The student is trying to hit his/her target (the desired result) with an ever-increasing sense of fear, tension, and over-efforting. I can easily see this manifested into bodily gestures as I observe them engage in their routine: stiff necks, narrowed shoulders, fluttering eyes, noisy breathing, etc.
What I’m seeing is their thinking.
When I ask them about what they think of whenever they play a particular exercise, the answer is never vague. They have a very specific “focus” in mind, a very specific intention. (This is part of their process.)
But it is this “focus” that has divided their attention, cutting themselves off from what they sense in their bodies, the feel of the sound inside their instrument, as well as to what they hear. And this divided attention is what’s rendering their practice routine ineffective.
As I ask more questions, I typically find that there was once a time when their thinking wasn’t so rigid and contractile as they practiced. There was once a time when their thinking was more flexible and responsive, and less anticipatory and anxious.
My job is to help them get their thinking back on track.
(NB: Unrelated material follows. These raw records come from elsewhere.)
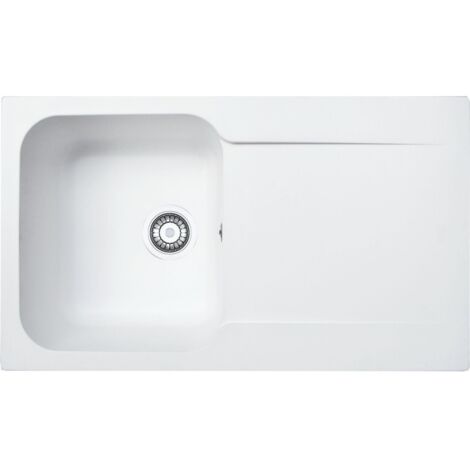 Franke – Évier à encastrer 86x50 cm – 1 cuve 1 égouttoir – En Fradura – Découpe 840 x 480 mm – Réversible – Avec vidage gain de place (1/3)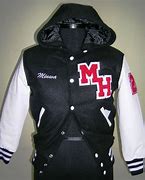 Image result for Black and White Hoodie Fleece Varsity Jacket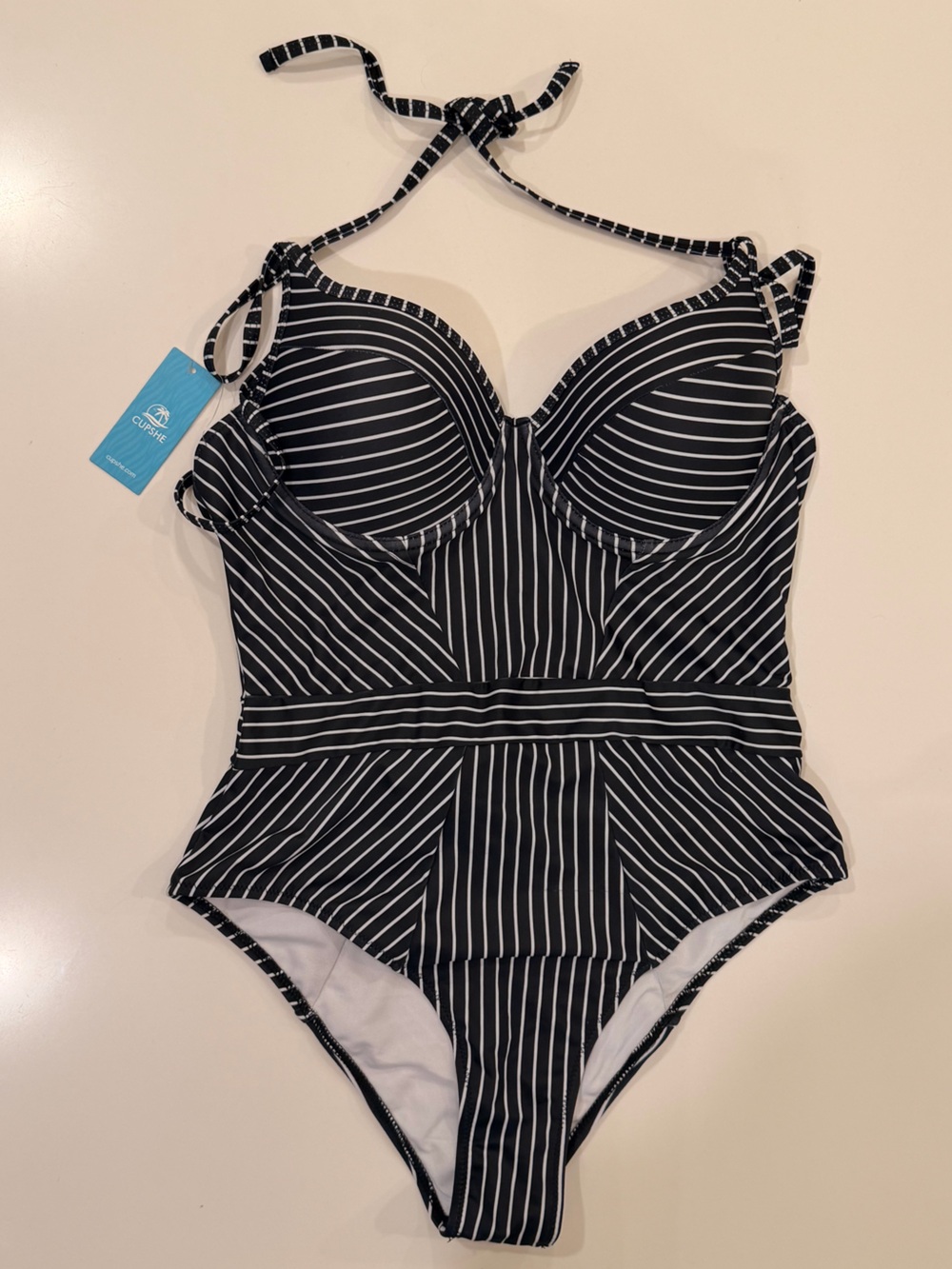 Cupshe Black and White Striped One-Piece Swimsuit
I start doing this by helping them to become more self-aware, and then to help them soften and expand their attention as they play. In short, I help them to improve their process.
Improve Your Process
Here are a few things to keep in mind as you practice that will help you establish a more constructive process:
- Notice how you react-What do you do as you prepare to play an exercise? Where do your thoughts go? What happens in your body? Do you contract? Tighten your neck and shoulders? Lock your knees? What happens to your breathing? Where do your eyes go? See if you can play with even a bit less of this unnecessary tension, and you’ll likely be surprised by the results.
- Give yourself permission to stop-Get comfortable with stopping, whether in the middle of an exercise or the middle of a phrase. In fact, make it a point to stop more than you normally do. Not only can you use the pause to redirect your thinking, but also, by having an active willingness to stop, you’ll keep some of your excess tension in check.
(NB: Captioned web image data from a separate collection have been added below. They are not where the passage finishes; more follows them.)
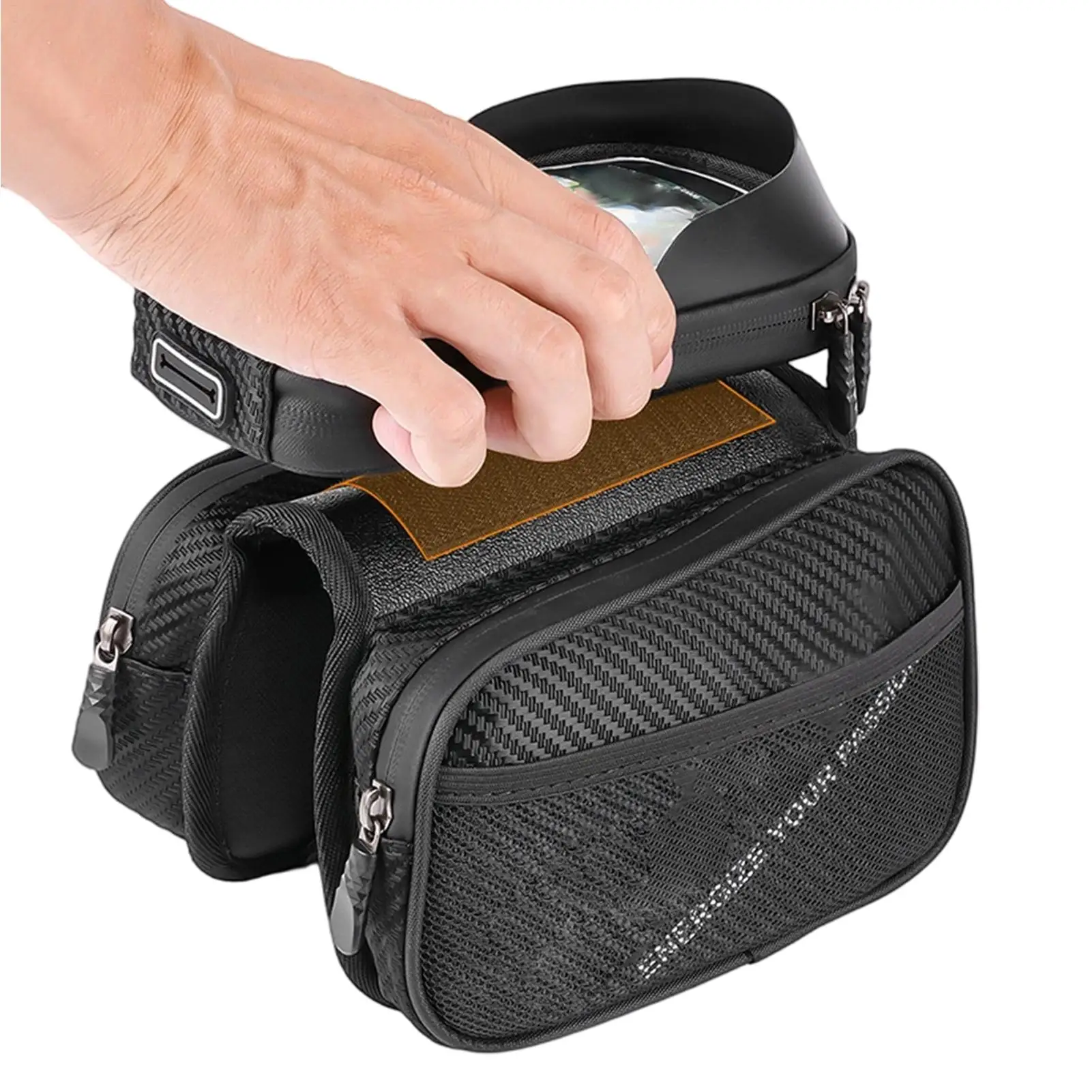 

Велосипедная сумка Большой держатель для телефона с сенсорным экраном Сумка для дорожного велосипеда Сумка с верхней трубкой для дороги Горный город Велоспорт Электрический скутер Мужчины Женщины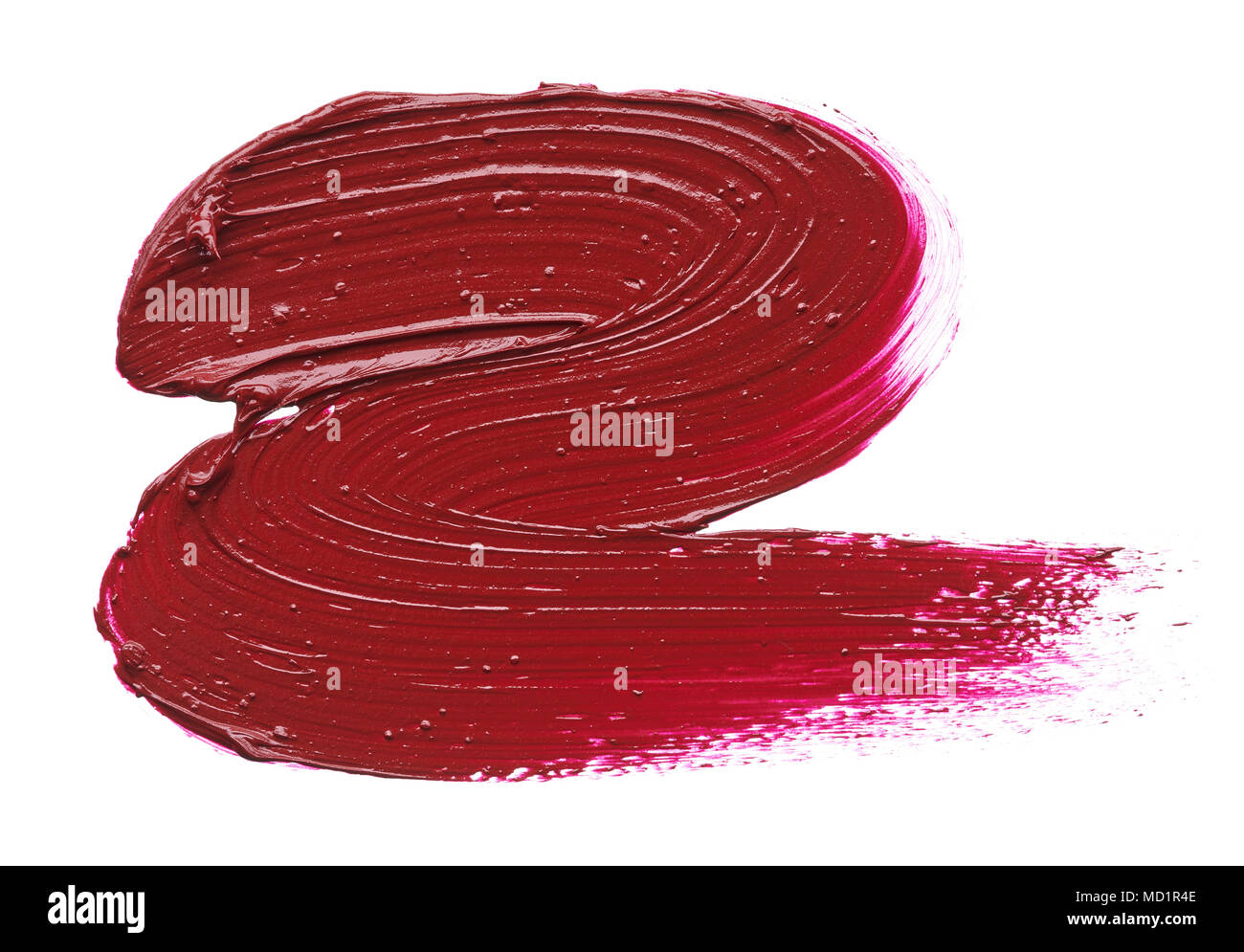 Red makeup smear of lip gloss isolated on white background. Red lipstick texture isolated on white background. Texture of broken red lipstick Stock Photo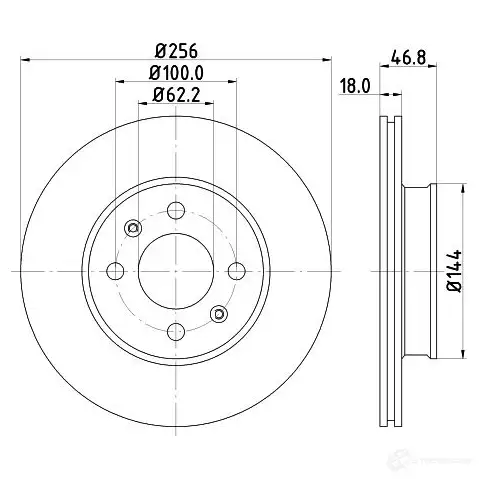 Тормозной диск HELLA 32218 3O0JYL 5504 9 8DD 355 116-561 - Изображение 1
- Balance the internal and the external-It is easy to become too focused on what something feels like at the expense of what it sounds like and vice versa. There is a dance between what you imagine (your aural impression), what you sense in your body, and what you hear. Let that dance be flexible, dynamic and responsive.
- Aim toward easy-Don’t make the exercise itself your target. Make playing it with efficiency be your goal. Think of reducing effort wherever and whenever possible. (This ties into my first bullet point, above.)
- Aim toward flexible-In body and in thought. Rather than narrowing your focus, see if you can gradually expand your consciousness to integrate what you sense, think, and hear.
- Always play with clear intentions-Never practice anything mindlessly. There is never any benefit in doing so, but can be some harm. If you find your thinking slipping away as you start and exercise, STOP. Reaffirm your aim and intention with whatever you’re working on, then continue when you’re clear and ready.
- Reassess regularly-Not only your process, but each detail of your routine. Be willing to question, modify, or even throw out completely a particular exercise if it doesn’t seem to be fruitful.
So if you’d like to take your practicing to a new level, it might not be that you need a new routine. Maybe just an improved process.